4. Il résulte de l'instruction que la tranche ferme portant sur la réhabilitation du bâtiment A avait été évaluée à 5 850 000 euros HT et la tranche conditionnelle, portant sur la réhabilitation du bâtiment C, de la chapelle et des abords, à 2 923 000 euros HT. La somme de 8 700 000 euros avait fait l'objet d'une inscription en provision dans le budget du département de l'Yonne pour 2004. Le deuxième avenant au marché a eu pour effet d'augmenter de 32 % le montant du coût prévisionnel des travaux par rapport au coût initial du projet. Le département de l'Yonne a envisagé de passer un contrat de partenariat afin de recourir à un financement privé mais la mission d'appui aux partenariats publics-privés a émis un avis défavorable. L'abandon du projet relatif à la seconde phase des travaux de réhabilitation du collège Montpezat a répondu en l'espèce à un motif d'intérêt général alors même qu'un marché de maîtrise d'oeuvre pour la seule conservation des toitures et maçonneries des bâtiments B et C a été conclu en urgence, onze ans après le marché initial de maîtrise d'oeuvre intervenu à l'origine pour des travaux plus importants de réhabilitation.

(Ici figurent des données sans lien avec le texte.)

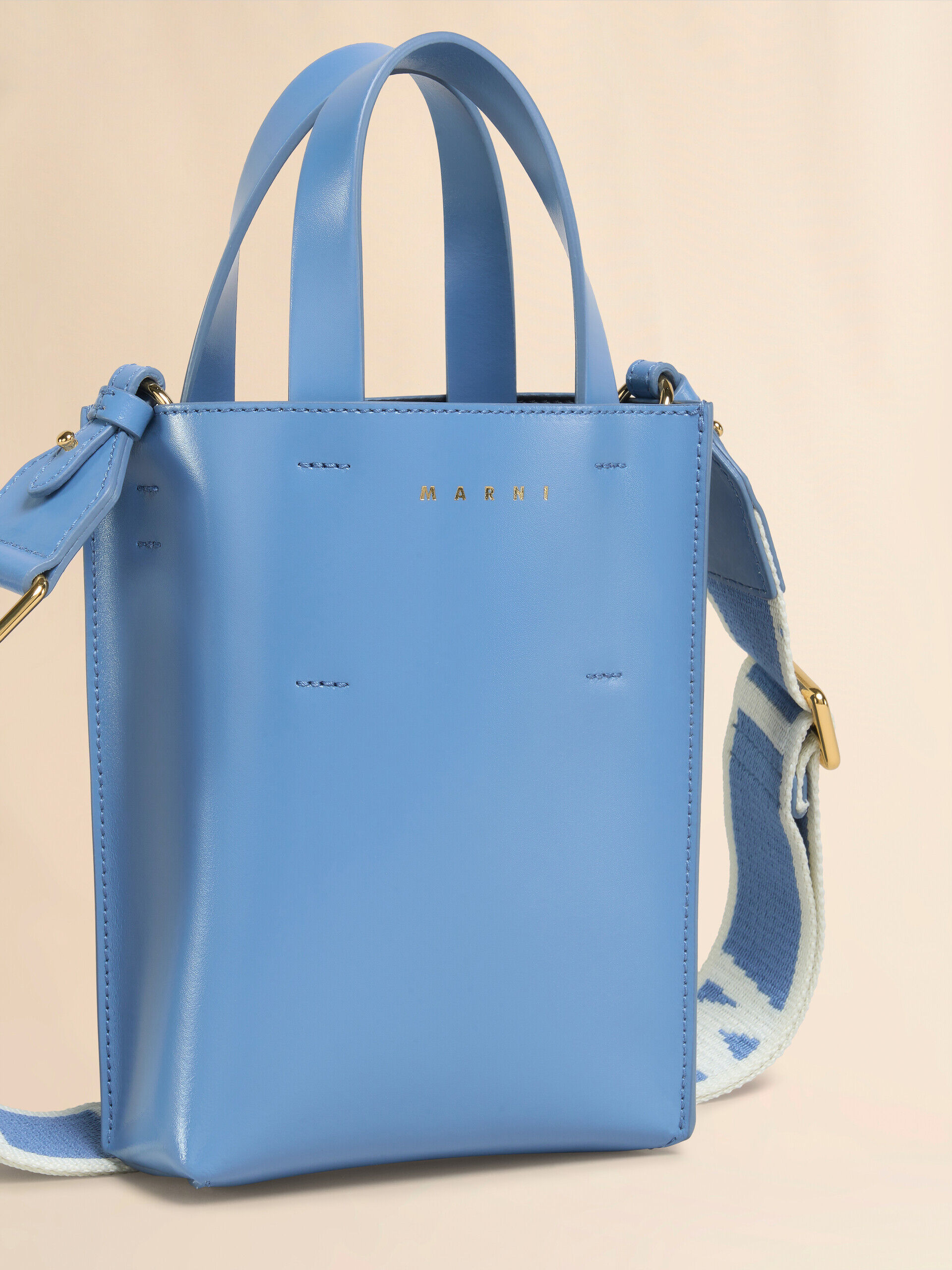 ♦MARNI♦ナノ ショッピングバッグ☆正規品・関税込☆ ブルー&ホワイト レザー MUSEOナノバッグ | Marni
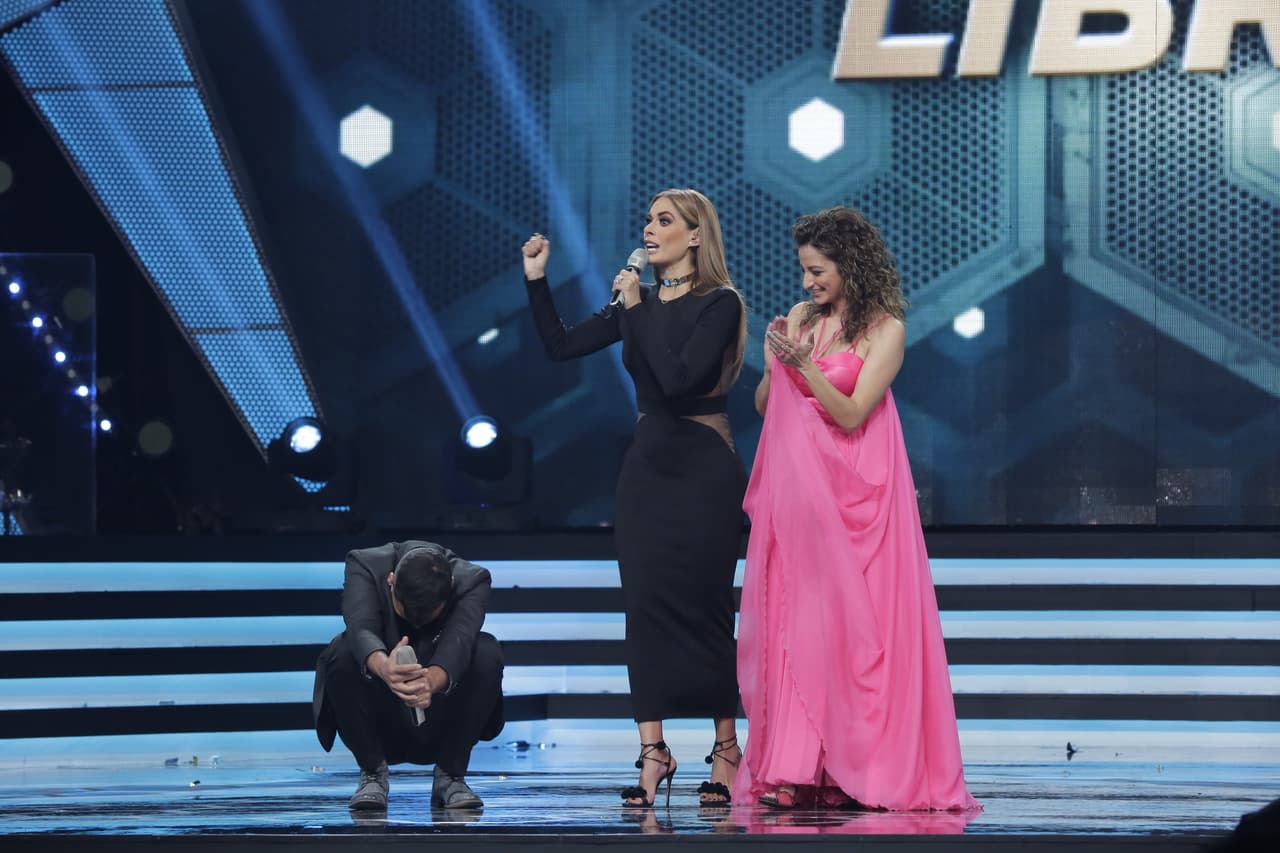 Desafortunadamente, su paso a la final terminó y Carlos continuó.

5. En vertu de l'article 7.1 du cahier des clauses administratives particulières du marché et du 2 de l'article 36 du cahier des clauses administratives générales applicables aux marchés de prestations intellectuelles approuvé par le décret du 26 décembre 1978, le cabinet Michelon Architecte a droit à une indemnité de résiliation fixée forfaitairement à 4 % du montant hors TVA de la partie résiliée du marché. Par suite et ainsi qu'il n'est plus contesté en cause d'appel, le montant de cette indemnité s'établit à 21 603,52 euros HT comme retenu par les premiers juges.
6. Il résulte de ce qui a été dit au point 4 que le cabinet Michelon Architecte ne peut être en outre indemnisé pour son manque à gagner et son préjudice moral et commercial consécutifs à la résiliation de son marché. Il ne peut davantage être indemnisé d'un préjudice distinct du manque à gagner, que lui aurait causé la violation du principe de loyauté contractuelle et la méconnaissance de l'exclusivité dont il était bénéficiaire par effet de son marché à l'occasion de la conclusion par le département de l'Yonne d'un contrat de maîtrise d'oeuvre, qui au surplus n'avait pas le même objet comme dit au point 4. Il en va de même du préjudice qui résulterait des défaillances du département dans la conduite de l'opération de réhabilitation des bâtiments du collège.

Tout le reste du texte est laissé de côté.